Bush döneminde Suriye ile ABD arasındaki ilişkiler çok gerilimliydi. Obama'nın seçilmesinden sonra ABD'nin Ortadoğu'ya ve Suriye'ye yönelik politikalarında bir değişiklik görüyor musunuz?
Genel politik çerçeve açısından baktığımızda henüz pratikte olumlu bir gelişme göremiyoruz. Değişen bir şey varsa, o da var olan sorunlara yaklaşımlardaki farklılık. Bize artık ABD tarafından dikte ettirilmeye çalışılan bir politika bulunmuyor. Ne düşündüğümüze dair artık bizi dinlemeye daha hazır bir ABD var karşımızda. ABD'de şöyle bir kanaat vardı eksiden, "Ortadoğu'daki sorunları Amerika'daki think tank kuruluşları çözer." Oysa şimdi bu sorunların ancak bölge ülkeleriyle çözülebileceğine dair bir anlayış yerleşiyor. Somut örnek vermek gerekirse, Bush yönetiminden farklı olarak Türkiye'nin bölgedeki arabuluculuk çabalarına çok sıcak bakan bir Amerikan yönetimi var bugün. Ama sorunlara çözüm açısından ABD yönetiminin bakış açısı henüz çok net değil. Gerçi bölgede "kapsamlı barış" gibi bazı genel şeyler duyuyoruz. Kapsamlı deyince
Filistin, İsrail,
Lübnan ve Suriye'nin hepsini kapsıyor. Bush zamanında böyle bir şey yoktu. Bu ana başlığın altını doldurması gerekiyor. Obama'nın göreve gelişinin üzerinden 9 ay geçti, ki bu 4 yıllık
görev süresi içinde önemli bir süredir. Özetle şöyle diyebilirim: Niyet var ama sonuçlarını da görmemiz gerekiyor.
Nükleer silaha karşıyız İran da peşinde değil
ABD ya da İsrail'in İran'a karşı muhtemel saldırısı sizin için hâlâ güncel bir sorun mu? Nasıl değerlendiriyorsunuz?

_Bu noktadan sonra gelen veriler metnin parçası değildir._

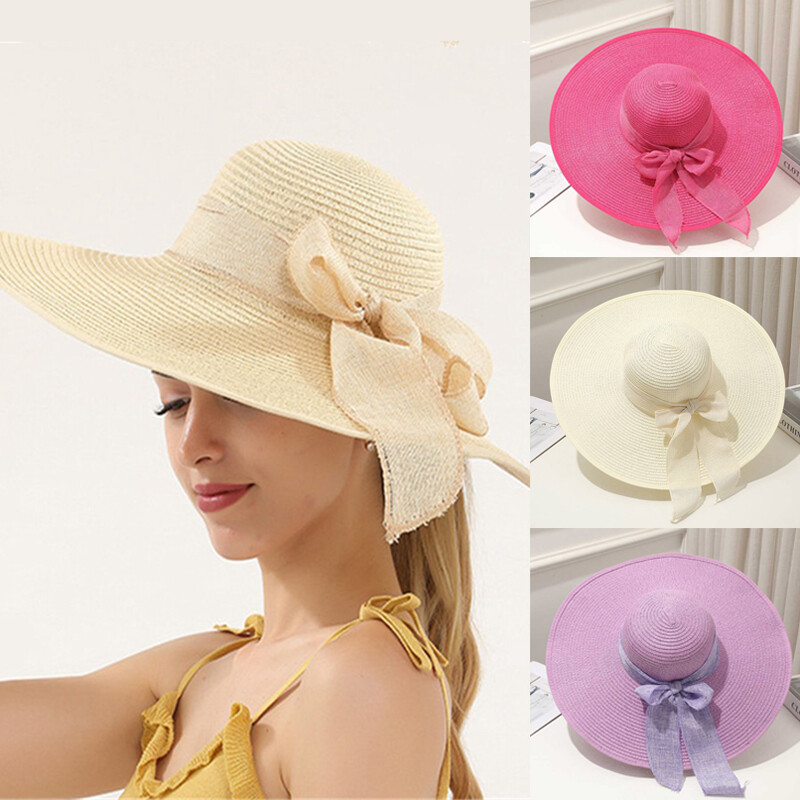 Women Sunhat Sun Beach Hat Brim Derby Large Brim French Elegance Floppy Foldable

İran'a saldırı olursa bölge onlarca yıl sürecek çok kritik bir sürece girecektir. Bu durumdan senelerce çıkmak mümkün olmayacaktır. Böyle bir saldırı Ortadoğu'ya bir istikrar getirmeyeceği gibi, bu saldırının bedelini bu bölge ile birlikte tüm dünya ödeyecektir.
Suriye, İran'ın nükleer çabalarına nasıl bakıyor? Bir tehdit olarak mı görüyor? Malumunuz Türkiye son haberlere göre 7,8 milyar dolarlık patriot füzeleri alarak İran'ın muhtemel tehdidine karşı güvenlik donanımını tamamlamaya çalışıyor. Suriye'nin de böyle endişeleri var mı?
Şimdi burada İran'ın kime karşı silah kullanacağı sorusu önemli. Bu silahları Türkiye'ye karşı kulla-nabilir mi? Sanmam. İsrail'e karşı kullanabilir mi? Onu da sanmam. Çünkü İsrail ve çevresinde İsrailliden çok Arap yaşıyor.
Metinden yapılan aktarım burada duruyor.